CBI Cuts UK Growth Forecast
CBI Cuts UK Growth Forecast

The UK will see gross domestic product growth of 2.0% in both 2016 and 2017 according to Confederation of British Industry estimates—a downgrade from 2.3% and 2.1% in its February forecast.

The CBI says there are signs that uncertainty over the outcome of the EU referendum is having a “tangible impact” on the spending plans of some firms, Financial Reporter quoted the CBI as saying.

It believes that the timing of a first rise in interest rates will now be in the second quarter of 2017 (rising to 0.75%).

Household spending will remain a major driver of economic growth, though it is expected to ease (2016–2.5%, 2017–1.5%). This is due, in part, to rising inflation over the course of the next two years–picking up towards the Bank of England’s target of 2% by early 2017–which tempers growth in real incomes.

Nonetheless, household spending will account for around 80% of growth in 2016, and roughly half in 2017.

However, a recovery in investment is expected in the second half of 2016, such that business investment remains a key support to GDP growth over the forecast period, accounting for around a quarter of growth in 2016, and a third in 2017.

“Carolyn Fairbairn, CBI director-g eneral, said: “We expect the UK’s growth path to continue but it is likely to be at a slower rate than previously thought. A dark cloud of uncertainty is looming over global growth, particularly around weakening emerging markets and the outcome of the EU referendum, which is chilling some firms’ plans to invest. At present, the economic signals are mixed–we are in an unusually uncertain period.

  Weak Pay Growth

Workers are being warned to expect meager wage rises until at least 2020, as weak productivity and new costs such as the national living wage curb employers’ readiness to raise salaries.

Even though employment is expected to rise, pay growth is forecast to be just 1.7% over the next year, as an ample supply of labor helps employers hold back on wage rises in a “jobs-rich, pay-poor” economy, said the Chartered Institute for Personnel and Development.

The gloomy outlook for workers comes as the business group, the CBI, has warned that the economy is losing steam.

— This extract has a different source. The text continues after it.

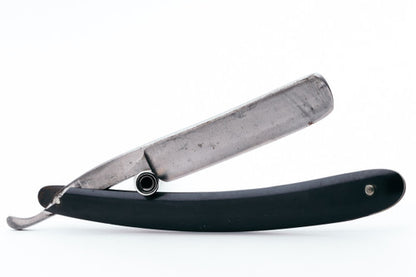 5/8" Dixie Manufacturing Co Straight Razor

Numbers of shoppers visiting retail centers fell in April, in the latest evidence that cautious consumers are cutting back or going online to hunt for better deals. Consumers have been the main drivers of the UK’s economic recovery but recent business surveys suggest confidence is flagging, affected by a range of factors from economic uncertainty ahead of the EU referendum to a darker global outlook.

Weak pay growth has also added to pressures on households and the CIPD, the trade group for the Human Resources industry, warned that the pattern of low rises in pay is set to continue. It is calling for more practical government measures to help employers raise productivity, a measure of output per hour worked.

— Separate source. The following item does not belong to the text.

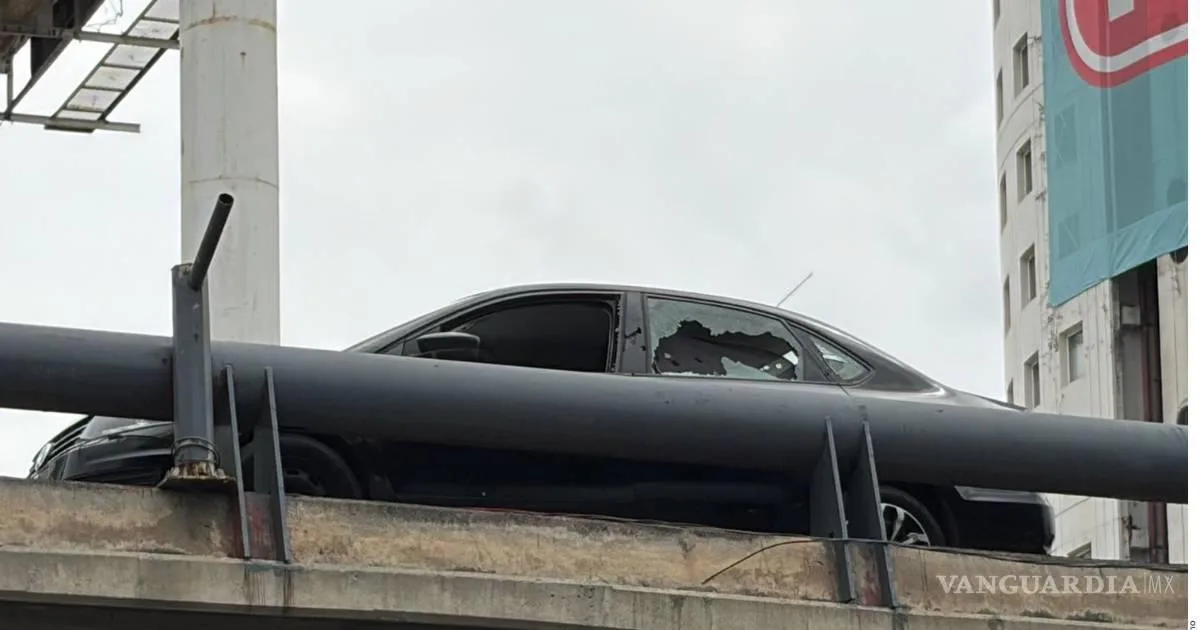 Confirman que uno de los ejecutados en Nuevo León fue policía de San Pedro Garza García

“For now, there’s no sign of the economy running out of jobs, or out of people to fill those jobs,” said Mark Beatson, CIPD chief economist.

“However, the UK is now in its eighth year of productivity go-slow which continues to limit the scope for employers to pay more, and recruitment and retention problems have so far proved manageable without across-the-board pay rises.”

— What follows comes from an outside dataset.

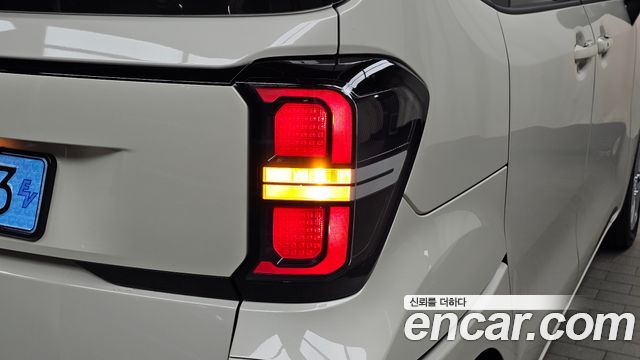Kia RAY 2024 — photo 9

The group surveyed more than 1,000 employers and found the expected average pay rise over the next year, at 1.7%, was higher than the 1.2% in its previous survey three months ago. But it noted that was a relatively weak pace of growth and predicted various factors meant workers were unlikely to see much of a boost to the real, or post-inflation, value of their pay “until at least the end of this decade”.